4.4 Digital investigation summary
Digital investigation has become a popular term for modern investigations where digital data is a key component. The approach is very close to original ideas around digital forensics and the stages from digital forensics are equally applicable to some of the extra elements such as communication data. The stages also correspond closely to those in standard eDiscovery work although the emphasis is subtly different. Whilst both start with large volumes of data, eDiscovery seeks to reduce the volume to a manageable amount by using multiple individuals to screen the material and separate the potentially relevant from the irrelevant. This can occur over multiple stages of review and analysis. With a digital investigation, the aim is to find material that will assist the investigation and this is largely conducted by experts who can understand not only the content of the digital files but also the more obscure contextual information.

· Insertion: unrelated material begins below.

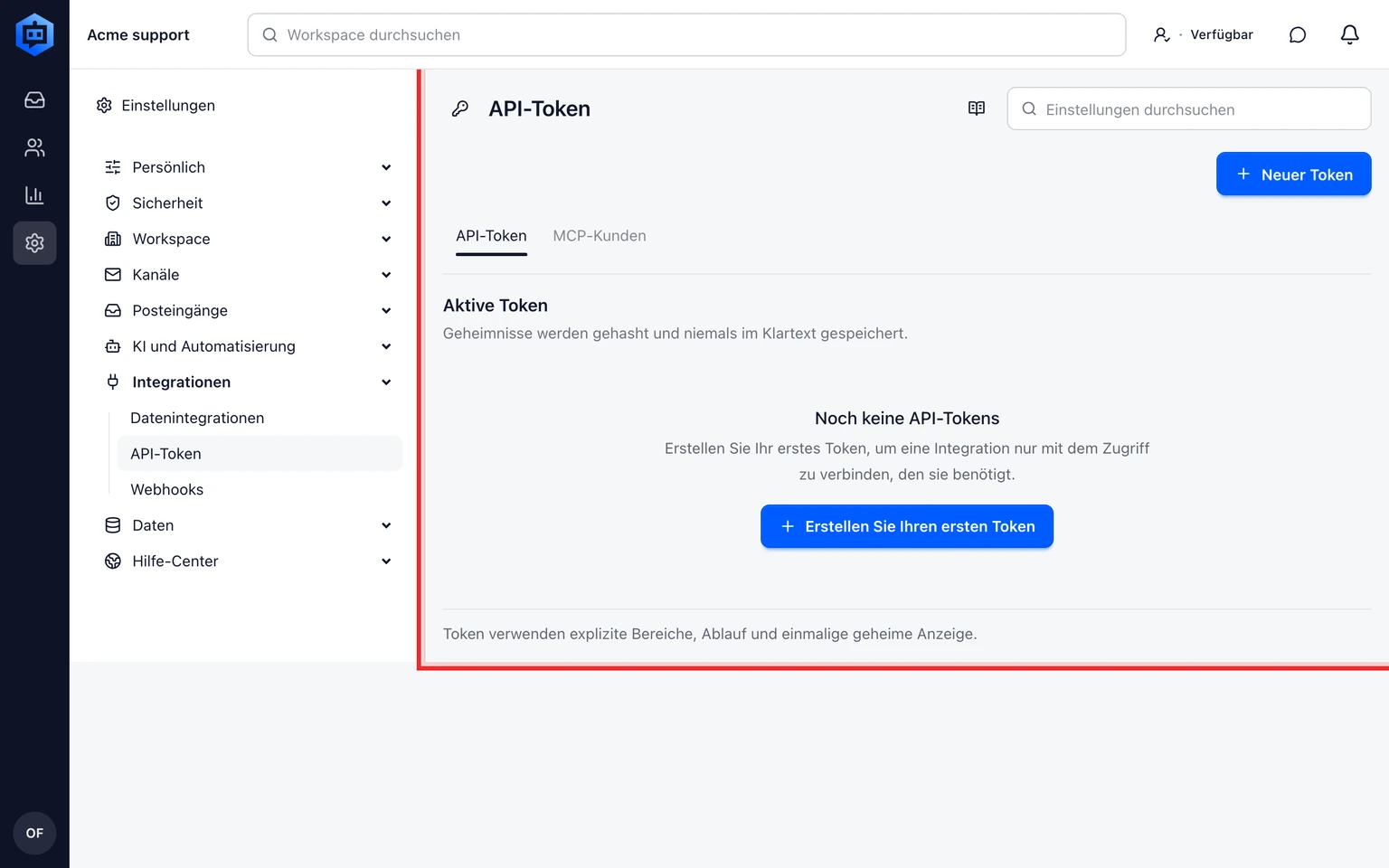 DobroDesk API-Tokens erstellen und widerrufen: Token mit minimalen Rechten erstellen, 1. Öffnen Sie Verwaltung > Integrationen > API-Token und wählen Sie Token erstellen.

14 eDiscovery in digital forensic investigations
5 Assessment of eDiscovery options
5.1 Types of eDiscovery tool
Given the need for techniques to cope with large quantities of data within digital investigations, the eDiscovery approach seems a sensible one to explore. The marketplace for eDiscovery tools is competitive with a wide range of offerings at different scales. Some will support the whole eDiscovery process whilst others focus on specific functions or parts of the customer base. The bulk of the tools are designed around the ‘corporate’ or civil lawsuit situation but there are some which are attempting to bridge the gap to the ‘forensic’ or criminal investigation world.

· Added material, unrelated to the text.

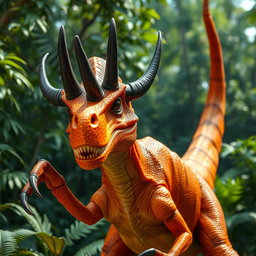 A striking orange Velociraptor with intense black horns protruding from its head, giving it a fierce and dominant appearance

Some of the functionality is common across the tools although the depth to which it is implemented varies. A key element is the ability to distribute work to different reviewers whilst retaining oversight of their progress. Distributing the review of files may not be current practice for some investigations but can be very useful for large cases. The tools can usefully put the material into a common reviewing format so the reviewer is not required to launch files in a variety of different programs with varying interfaces. This can also help with investigations of devices which are not familiar to the reviewer as they do not need to work with unfamiliar software and operating systems. This is normally achieved via a web browser interface which opens up the options for the review to take place remotely.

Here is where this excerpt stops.